Let it be known that for an official tailgate party to take place, only two things are needed: true sports fans and a sporting event (regardless of whether you are or are not on location for said event).
Don't be a failgater.
As the traditional sense of tailgating refers to the presence of numerous vehicles gathering to celebrate a sporting event, vehicle etiquette is of the utmost importance. Failure to do so will earn a group or individual the title of failgater(s). Some important things to remember to avoid failgating are:
The parking lot is not a racetrack.
In the world of tailgating, the parking lot is sacred. Driving fast is inexcusable and there is no reason for it. In a hurry to snag an amazing parking spot? Wake up earlier, you fair-weather fan. In a hurry to leave? Oh, you must have better things to do than talk about sports, hang out with like-minded friends and eat whatever you want. Sure. Remember, a true tailgater doesn't endanger other tailgaters.1
Procure premium parking.
They say the early bird gets the worm. To some, this makes waking up early seem like a necessity. This is a common misconception. Remember, fan is just short for fanatic. Well, fanaticism doesn't sleep and neither should you. Procure your preferred parking spot in the middle of the night while anxiously pouring over injury reports and lineups in anticipation. Let the fair-weather fans worry about setting alarms and "healthy" sleep. Then let them worry about horrible parking spots.
Your vehicle says a lot about you.
While not quite frowned upon, unoriginal removable decorations such as window flags are not encouraged. Even though window flags can be found on true fans' cars, they are most frequently found on "fans'" cars after their team has won a title or made the playoffs.

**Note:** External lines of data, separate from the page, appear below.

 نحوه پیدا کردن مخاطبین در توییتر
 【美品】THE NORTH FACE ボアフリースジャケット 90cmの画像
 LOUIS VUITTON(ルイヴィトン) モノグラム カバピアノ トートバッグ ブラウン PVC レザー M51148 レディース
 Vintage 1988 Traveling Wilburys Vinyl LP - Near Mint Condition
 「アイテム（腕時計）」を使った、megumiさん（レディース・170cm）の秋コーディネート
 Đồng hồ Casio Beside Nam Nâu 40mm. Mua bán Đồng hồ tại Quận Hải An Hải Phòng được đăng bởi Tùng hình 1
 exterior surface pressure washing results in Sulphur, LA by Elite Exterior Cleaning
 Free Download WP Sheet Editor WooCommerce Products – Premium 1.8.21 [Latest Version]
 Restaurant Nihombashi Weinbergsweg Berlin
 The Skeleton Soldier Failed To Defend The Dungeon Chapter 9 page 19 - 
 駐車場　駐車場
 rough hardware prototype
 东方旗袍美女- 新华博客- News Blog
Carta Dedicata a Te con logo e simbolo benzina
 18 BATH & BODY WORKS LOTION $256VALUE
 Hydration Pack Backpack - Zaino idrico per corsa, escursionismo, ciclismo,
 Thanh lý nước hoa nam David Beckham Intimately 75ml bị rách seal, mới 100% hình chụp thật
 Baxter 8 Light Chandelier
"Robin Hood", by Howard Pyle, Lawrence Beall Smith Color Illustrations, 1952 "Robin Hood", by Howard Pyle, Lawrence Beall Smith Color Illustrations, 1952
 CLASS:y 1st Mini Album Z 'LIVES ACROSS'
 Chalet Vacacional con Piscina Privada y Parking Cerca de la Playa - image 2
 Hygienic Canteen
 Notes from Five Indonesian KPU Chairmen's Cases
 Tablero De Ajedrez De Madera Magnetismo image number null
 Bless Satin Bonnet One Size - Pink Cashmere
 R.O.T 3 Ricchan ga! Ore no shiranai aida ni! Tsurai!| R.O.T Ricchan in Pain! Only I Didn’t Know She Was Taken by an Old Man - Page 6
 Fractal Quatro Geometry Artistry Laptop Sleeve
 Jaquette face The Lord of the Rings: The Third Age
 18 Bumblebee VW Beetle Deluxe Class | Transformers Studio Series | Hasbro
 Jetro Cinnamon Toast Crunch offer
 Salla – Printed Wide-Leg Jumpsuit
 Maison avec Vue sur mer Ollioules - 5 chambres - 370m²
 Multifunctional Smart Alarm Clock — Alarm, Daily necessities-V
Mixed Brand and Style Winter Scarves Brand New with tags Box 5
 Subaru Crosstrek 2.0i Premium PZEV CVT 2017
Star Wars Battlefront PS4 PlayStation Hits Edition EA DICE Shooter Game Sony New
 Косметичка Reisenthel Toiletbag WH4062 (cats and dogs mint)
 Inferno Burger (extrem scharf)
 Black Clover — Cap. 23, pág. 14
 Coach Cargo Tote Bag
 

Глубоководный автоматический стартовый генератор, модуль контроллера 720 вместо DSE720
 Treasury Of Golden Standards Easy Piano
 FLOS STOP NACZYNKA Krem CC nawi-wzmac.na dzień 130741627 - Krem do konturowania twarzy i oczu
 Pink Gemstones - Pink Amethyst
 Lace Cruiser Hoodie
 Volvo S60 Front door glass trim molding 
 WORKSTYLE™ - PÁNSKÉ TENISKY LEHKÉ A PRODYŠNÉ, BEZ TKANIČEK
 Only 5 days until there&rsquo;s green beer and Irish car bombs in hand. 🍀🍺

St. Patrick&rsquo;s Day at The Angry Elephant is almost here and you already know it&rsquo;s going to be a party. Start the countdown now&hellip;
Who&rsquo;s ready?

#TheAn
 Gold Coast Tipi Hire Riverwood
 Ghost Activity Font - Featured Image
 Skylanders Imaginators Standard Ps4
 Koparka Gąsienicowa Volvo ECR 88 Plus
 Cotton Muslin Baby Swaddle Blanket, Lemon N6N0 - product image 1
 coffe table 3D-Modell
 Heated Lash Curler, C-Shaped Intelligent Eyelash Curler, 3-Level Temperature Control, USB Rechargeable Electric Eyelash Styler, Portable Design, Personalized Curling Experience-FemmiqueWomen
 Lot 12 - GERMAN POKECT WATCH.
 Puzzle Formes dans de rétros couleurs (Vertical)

When deciding what to put on your vehicle, here's a rule of thumb: bandwagons don't have permanent decorations.
Not all tailgates are created equally.
Upon procuring a premium location for a tailgate, the next order of business is making that spot the best. Other tailgaters will want your location, and their locations will want to be your location. Over the years, this has been accomplished in a variety of ways:
One of the benefits of a traditional tailgate is that the tailgate itself is a seat. However, as tailgate parties have grown and become more and more sophisticated, the need for more sophisticated seating has also become an issue. The most efficient solution has been the camping chair, due to its comfort, portability and customizability which allows you to display your athletic allegiance. Some models even allow you to store a six-pack in a built-in cooler. Metal folding chairs are also viable, although they frequently rely on seat cushions for comfort. In the event of a seating shortage, and only in the event of a seating short age, coolers may be sat on as well.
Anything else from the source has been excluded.